How Do We Help or Can We help?

Dear Editor,

The following is an excerpt from an editorial by Will Ferguson (award winning author) (Calgary Herald). “We have emptied the asylums-but to what effect? The other extreme, after all, is equally fatal. Mental illness is real. It is not a “lifestyle”, it is not a “choice”. Those who would treat it as such run the risk of enabling the mentally ill to death, illness requires treatment. The great cruelty of mental illness is that it attacks the very decision-making process required for assistance.”

Again, it is good to be reminded that the mentally ill are by far the most marginalized group in Canadian society. Their families are often exhausted, both emotionally and at times, financially. The increase in AISH payments to the mentally ill are helpful, but the real problem, that of untreated mental illness remains untouched. Our laws state that once a person turns 18, they may not be committed unless they are threatening to hurt themselves or someone else. Often, by the time the police are alerted, it is too late, another mentally ill individual has ended his/her life by an “accidental” overdose of prescription or street drugs. The family is left to drive alone, the misunderstood mentally ill person, just another statistic.

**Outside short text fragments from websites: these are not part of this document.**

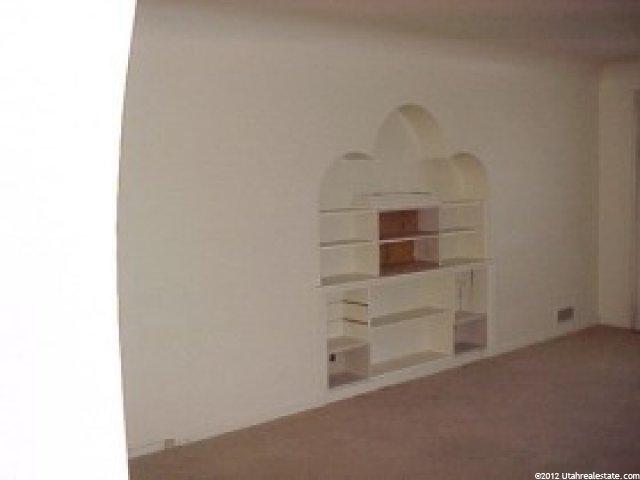 65 N Center St, Hyrum, UT 84319 — photo 2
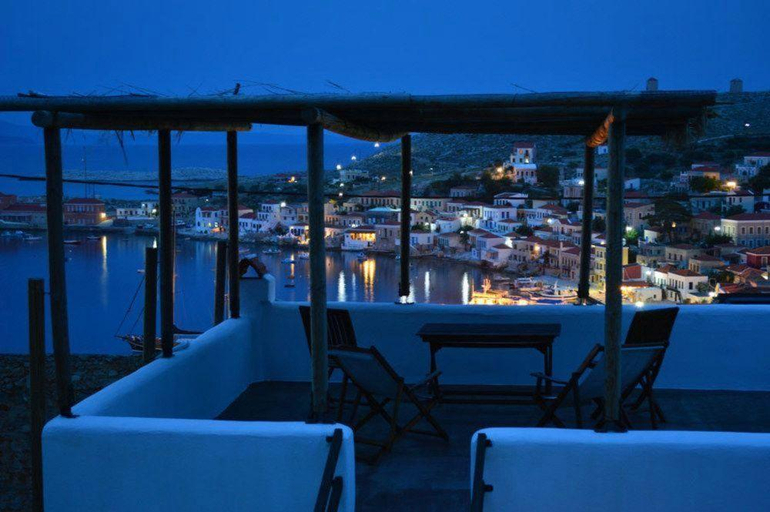 Food & Drinks, Atlantis Houses, South Aegean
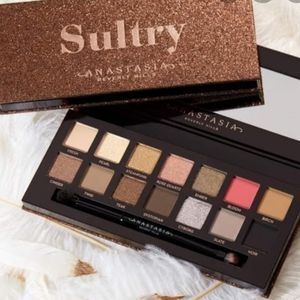 Anastasia Beverly Hills Sultry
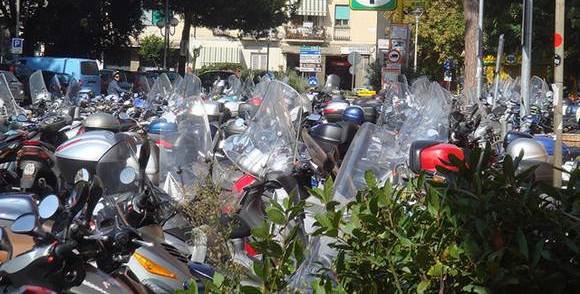 Os estacionamentos podem dividir seu espaço em motos e carros . Foto Flickr @Francisco Antunes Os estacionamentos podem dividir seu espaço em motos e carros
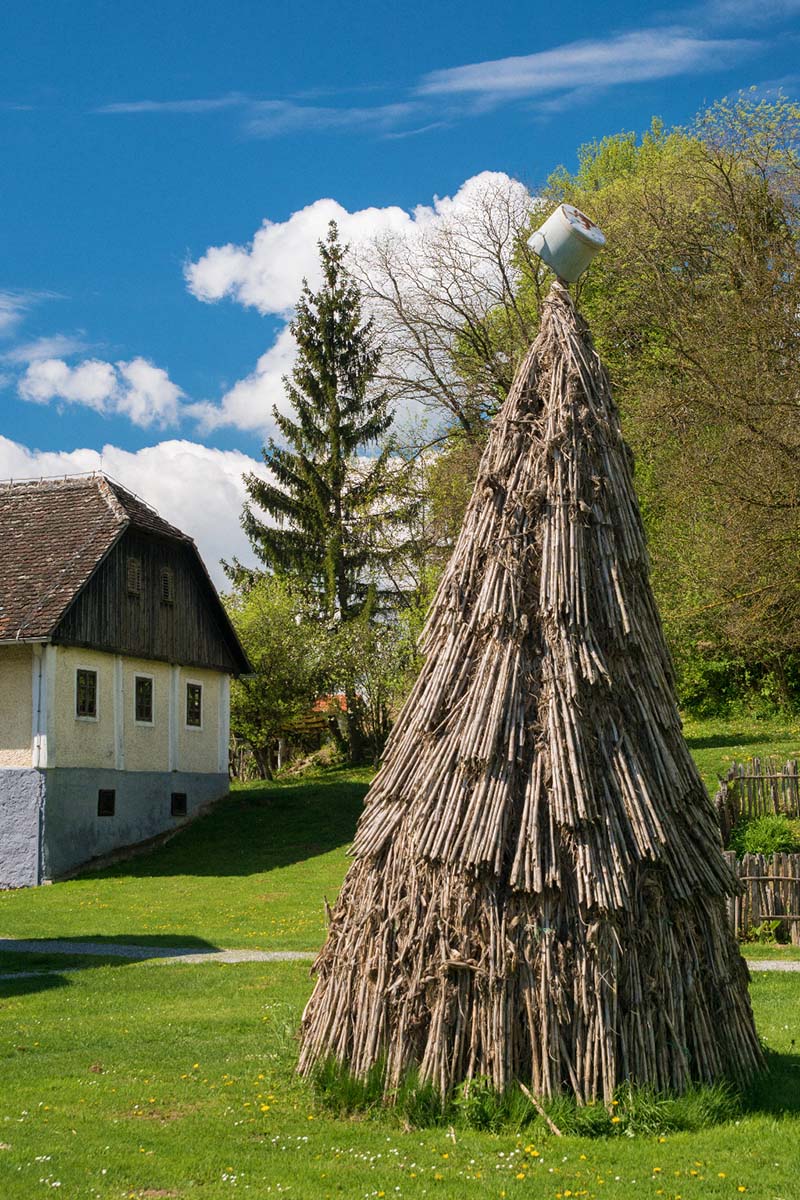 KUMROVEC041 17 04 17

How do we help or can we help? The first step is to stop judging. Unless you have or have had a mentally ill family member, you cannot begin to comprehend the anguish these families experience. The calls at all hours of the day or night, the risk of homelessness because the rent money went somewhere else, the intervention by police, who aren’t trained to deal with the mentally ill; the admissions to hospital, the doctor’s reports; an endless maze with little light at the end of the tunnel.

Compassion is the key that unlocks the door to hope. Never stop caring. Sometimes the tiniest gesture can revive a flickering candle.